┌──

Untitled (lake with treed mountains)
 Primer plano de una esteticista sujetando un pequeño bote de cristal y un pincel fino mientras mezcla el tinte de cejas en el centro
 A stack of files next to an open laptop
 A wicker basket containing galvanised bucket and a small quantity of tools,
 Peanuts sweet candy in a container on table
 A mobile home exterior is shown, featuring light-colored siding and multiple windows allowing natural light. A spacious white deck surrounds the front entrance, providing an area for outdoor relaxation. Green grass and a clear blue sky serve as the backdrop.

└──

The whole of the data is to be copied out word for word.

Untitled (lake with treed mountains)
 Primer plano de una esteticista sujetando un pequeño bote de cristal y un pincel fino mientras mezcla el tinte de cejas en el centro
 A stack of files next to an open laptop
 A wicker basket containing galvanised bucket and a small quantity of tools,
 Peanuts sweet candy in a container on table
 A mobile home exterior is shown, featuring light-colored siding and multiple windows allowing natural light. A spacious white deck surrounds the front entrance, providing an area for outdoor relaxation. Green grass and a clear blue sky serve as the backdrop.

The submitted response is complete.